Patents make jobs, which make incomes, which make taxes. The patented inventions ultimately make better living for all through progress of the useful arts. These patented inventions stimulate that progress.

The jobs, the processes, products, and other benefits for better living and national defense motivated into existence by our great United States patent incentive system are legion. This makes the Patent Incentive System the root of real welfare for the citizen and his country. Even at this late date, in the operation of our very old but good system, this needs to be told and repeated. The taxes for providing the non-patent system schemes of our government are generated in large part by the operation by our Patent Incentive System, as you know.

Much revenue in this country, as well as coming into it from abroad, results from patent protection here in the United States. A U.S. inventor must serure his rights here, for usually the real market for it, for him, is here. Unless in such case he has protection here he cannot afford to reveal his invention abroad.

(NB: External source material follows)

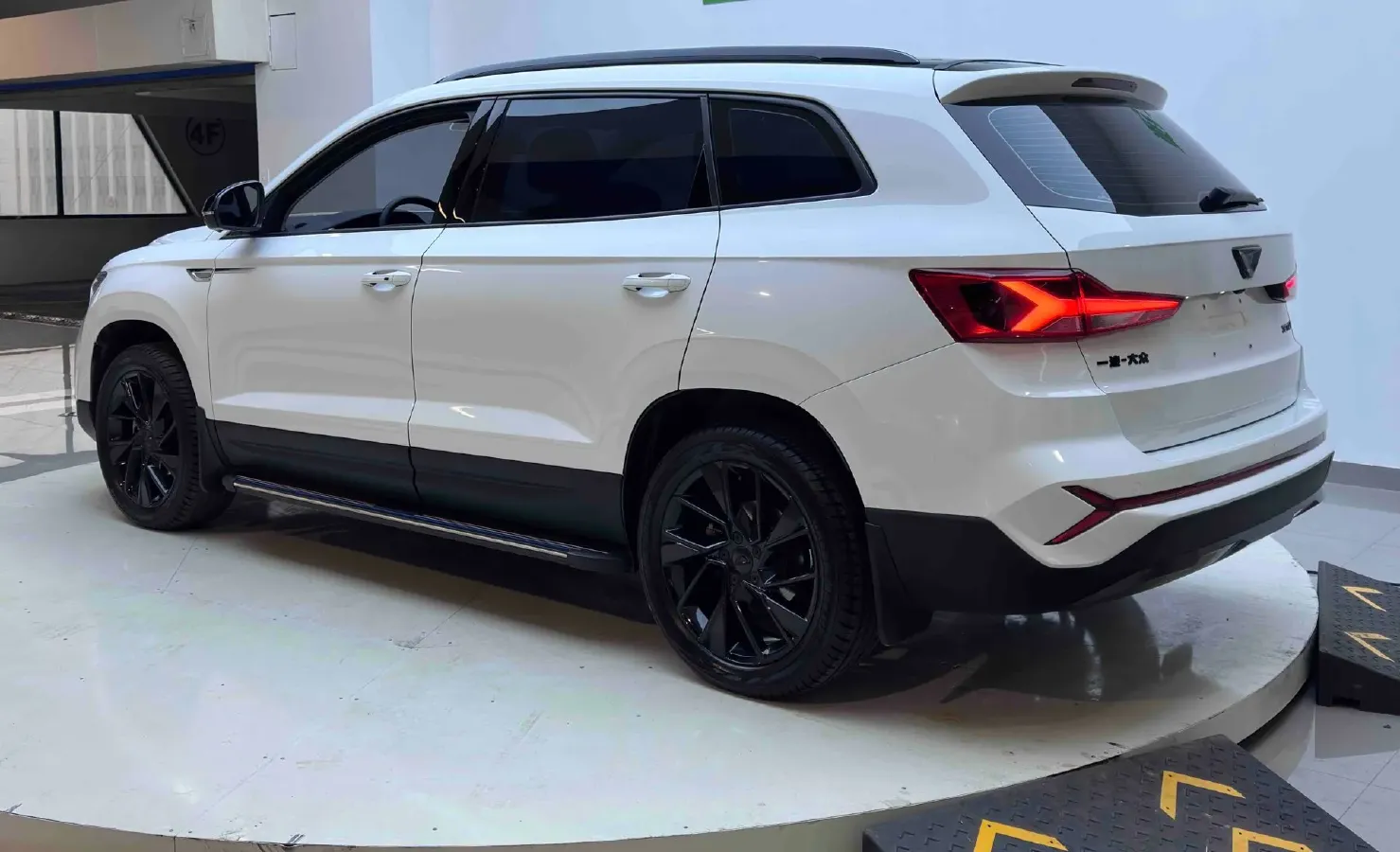 2023 Jetta VS7 1.4T 150HP L4 6AT,autocango,china used car exporter,china ev exporter,chinese used car exporter,chinese used ev exporter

I have read the statements and have heard every word of the testimony presented to the subcommittee September 11, 12 and 14, 1973. I am pleased that some of my work has been reflected to the subcommittee.

1. I believe that no legislation, even resulting from the no doubt well corsidered Administration bill, should be enacted until the public, preferably in public hearings, has had an opportunity to develop its ideas, suggestions and possibly even better principled provisions. I urge you to provide hearings on any new bill introduced whether by the Administration or any other group of citizens.

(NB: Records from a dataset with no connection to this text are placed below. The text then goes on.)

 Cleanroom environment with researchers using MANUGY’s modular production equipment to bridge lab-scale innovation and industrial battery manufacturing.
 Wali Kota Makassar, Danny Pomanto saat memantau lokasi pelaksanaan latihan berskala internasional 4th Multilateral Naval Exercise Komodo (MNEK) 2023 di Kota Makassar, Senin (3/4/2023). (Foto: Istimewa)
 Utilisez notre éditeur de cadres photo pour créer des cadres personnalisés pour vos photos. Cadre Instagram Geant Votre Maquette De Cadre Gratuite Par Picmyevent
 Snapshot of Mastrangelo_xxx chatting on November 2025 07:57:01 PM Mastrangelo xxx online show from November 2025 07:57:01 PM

Such hearings should not be open to review specific provisions on which those concerned have been heard. There should be time to put forth positions and arguments on real departures either from present law, or priorly reasonably considered provisions of early bills.

2. S.1321, undoubtedly introduced with the welfare of our great country in view, contains provisions improving the stature of the Patent Office which I can accept. For the most part it contains provisions, on only some of which the public has been invited or permitted to comment reasonably and at the hearings, which I and great many others, including the Administration, cannot accept. Please note the addendum, later discussed.